## What is expected
Going from the line that contains "this 1000×577 image." through the last line of the records, set down each line again exactly, both included, with pictures left out.

(Records for this exercise)

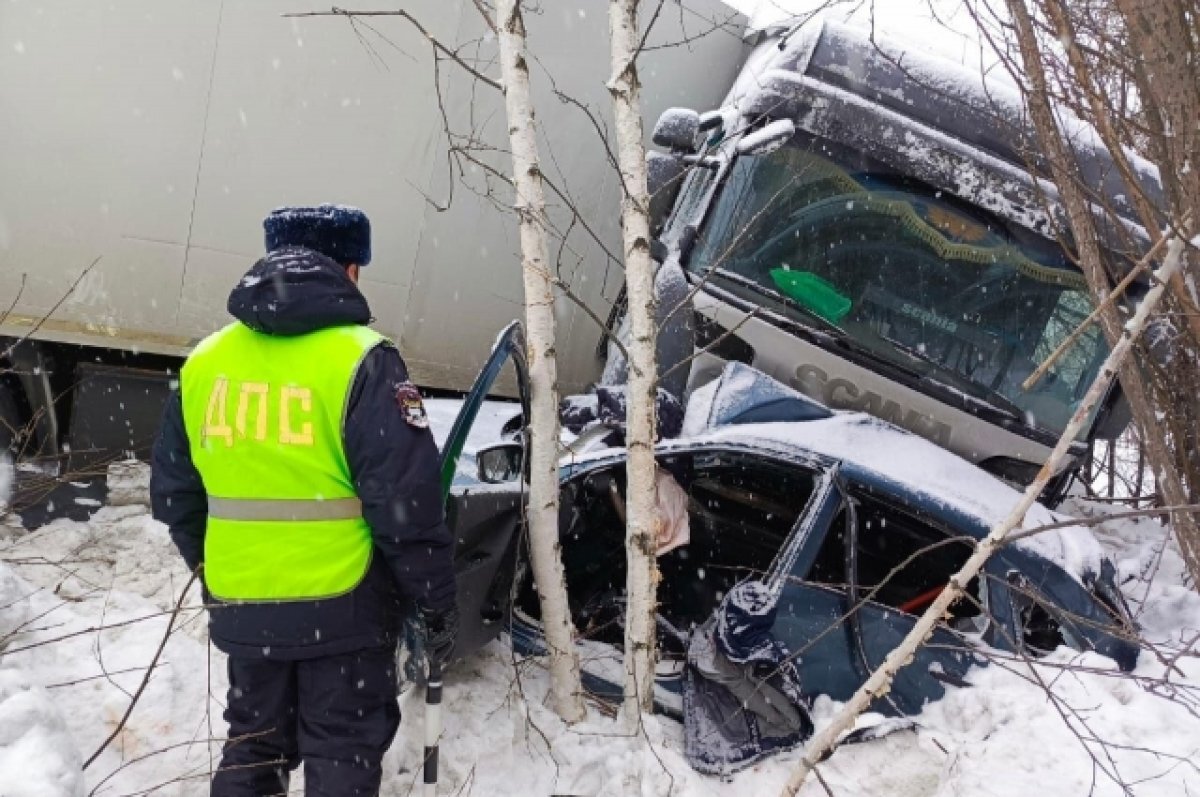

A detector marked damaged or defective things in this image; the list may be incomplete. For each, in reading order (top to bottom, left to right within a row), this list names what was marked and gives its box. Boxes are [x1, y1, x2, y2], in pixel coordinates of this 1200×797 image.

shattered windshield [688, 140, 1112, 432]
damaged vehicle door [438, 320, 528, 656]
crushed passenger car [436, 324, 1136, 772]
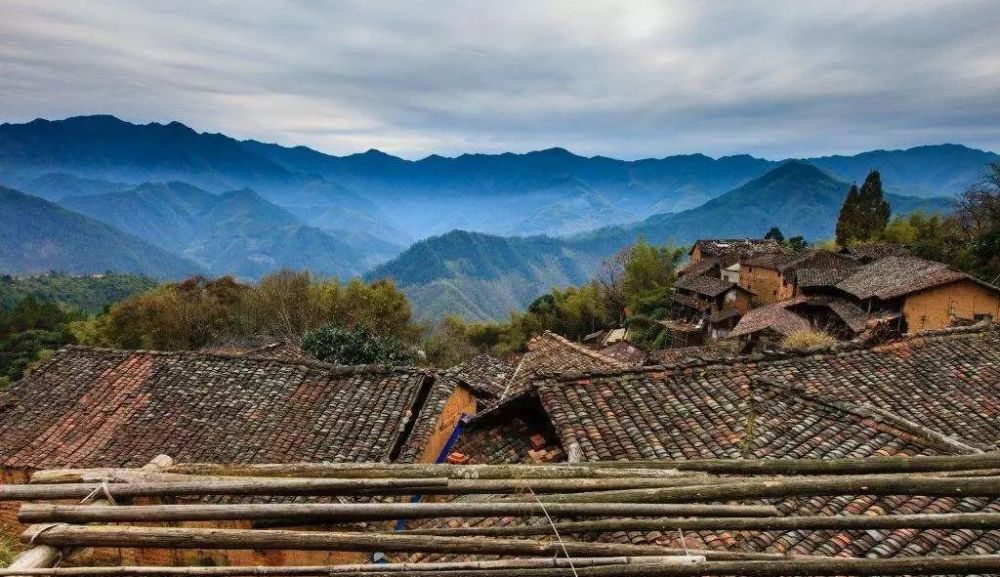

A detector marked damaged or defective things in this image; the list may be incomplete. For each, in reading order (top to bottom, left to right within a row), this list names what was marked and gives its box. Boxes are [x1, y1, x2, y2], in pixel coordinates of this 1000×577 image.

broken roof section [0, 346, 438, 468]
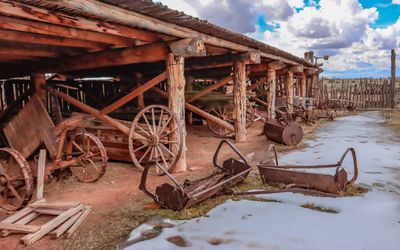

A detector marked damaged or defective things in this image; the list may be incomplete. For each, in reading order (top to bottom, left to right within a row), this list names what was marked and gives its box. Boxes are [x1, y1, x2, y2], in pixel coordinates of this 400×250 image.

(End Records for this exercise)

## Exercise answer
A detector marked damaged or defective things in this image; the list may be incomplete. For each, in reading order (top to bottom, left to right within a row), this list names what was marked and gives its box. Boxes are [x1, y1, x2, y2], in pixel coordinates of this 1000×577 image.

broken roof section [0, 346, 438, 468]

A detector marked damaged or defective things in this image; the list may be incomplete. For each, in reading order (top to bottom, left to right within a row), this list names what was marked and gives its box. Boxes are [x1, y1, x2, y2], in pixel coordinates of this 400×250 image.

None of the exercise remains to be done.